Ne plus soupirer

« Tout ce qu’on fait en soupirant est taché de néant », écrit Christian Bobin dans Les Ruines du ciel.

Pour cette année 2013, j’ai pris la résolution de ne plus rien faire en soupirant. Pas envie qu’il y ait trop de moments de néant dans ma vie.
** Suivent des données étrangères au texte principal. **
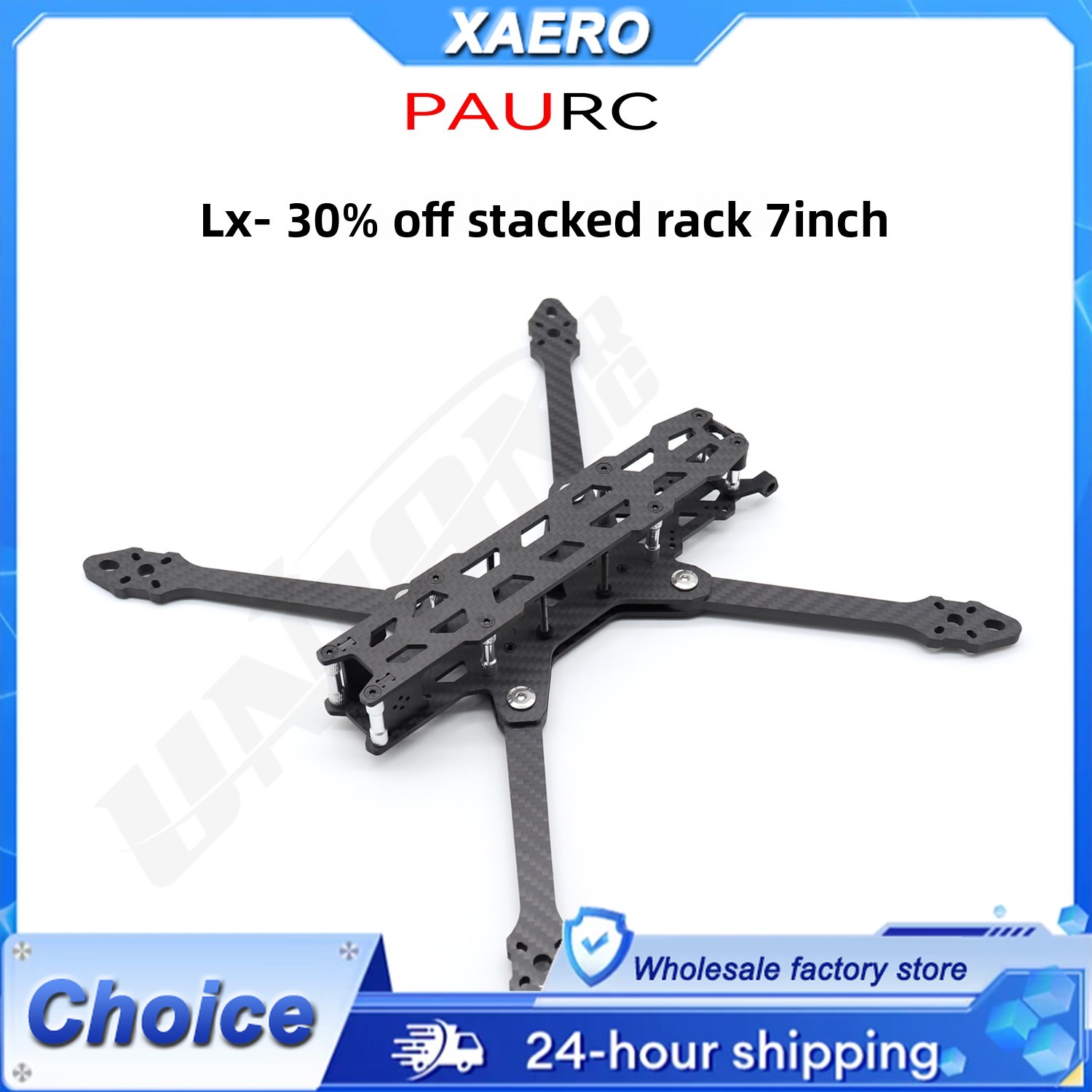 PAURC LX-7 Foldable 7 Inch FPV - Drone Kit Octocopter 评论和价格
Comme je ne suis pas masochiste, je vais d’abord m’attacher à refuser ce qui me fait soupirer : les invitations barbantes, les corvées plus souvent qu’à mon tour. Parfois, à le fuir : quitter une séance de cinéma si le film m’ennuie trop. Mais quand ce qui me fait soupirer sera inévitable, alors je m’efforcerai de m’y engager le cœur léger, et non à contre cœur – expression parlante, non ?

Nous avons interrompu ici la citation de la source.